J'ai envie de dire qu'une partie des gens y adhèrent déjà, les gens partagent des recettes de cuisine, rédigent des tutoriels ou donnent leurs avis publiquement sur les casseroles de telle ou telle marque. Donc les gens partagent entre eux (et pour les recettes, se moquent éperdument que quelqu'un les modifie) même si la réaction de bon nombre de personnes sur internet est haineuse et décourage plus qu'elle n'encourage le partage.
Mais si ces personnes partagent, elles sont dépossédées de leurs oeuvres à cause des plateformes, des outils qu'elles utilisent.
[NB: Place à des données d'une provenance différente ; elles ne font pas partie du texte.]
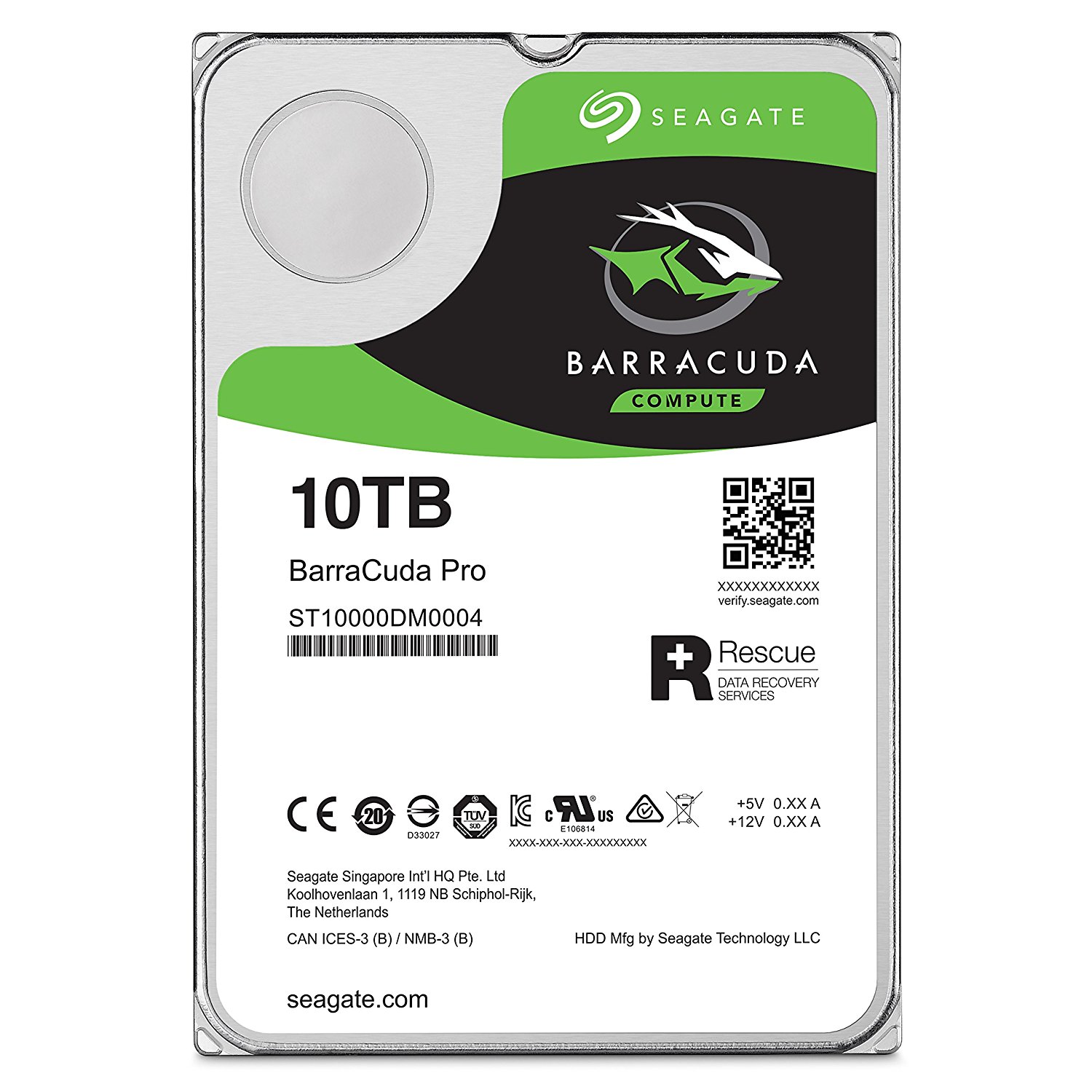 SEAGATE 10TB BARRACUDA PRO 7200RPM SATA 6GB/S 256MB CACHE 3.5 PULGADAS INTERNAL HARD DRIVE (ST10000DM0004)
C'est difficile de changer et quitter la masse d'utilisateurs ou changer ses habitudes...
À mon avis le libre existe, le partage, l'entraide, les modifications existent... Mais reposent sur des plateformes, des entreprises qui posent leur business sur le partage. Ces mêmes entreprises qui pensent que leurs réussites sont grâce à leurs logiciels et non leurs contenus, qui ne souhaitent pas être copiées et dont business model est basé sur des algorithmes de ciblage.

Dong, ding ?

Oui, mes articles ont plusieurs sons de cloche, d'un côté je vante le libre, d'un autre je dis qu'il ne va pas plus percer que ça, d'un troisième côté je dis qu'il faut privilégier les CHATONS, les AMAP locales de l'internet.
Pour moi le libre est quelque chose d'utile, de fondamental. Il s'agit d'une idéologie qui permettrait à chacun de reprendre le contrôle de ses créations, de ses partages. Que ce que chaque personne produit lui appartienne, mais également aux autres. Que cela oeuvre pour le bien commun. Donc oui, pour moi le libre est quelque chose de fondamental.
Maintenant je constate seulement, je donne mon avis. J'aide le libre autant que je peux. Mais c'est plus un effort collectif qu'individuel.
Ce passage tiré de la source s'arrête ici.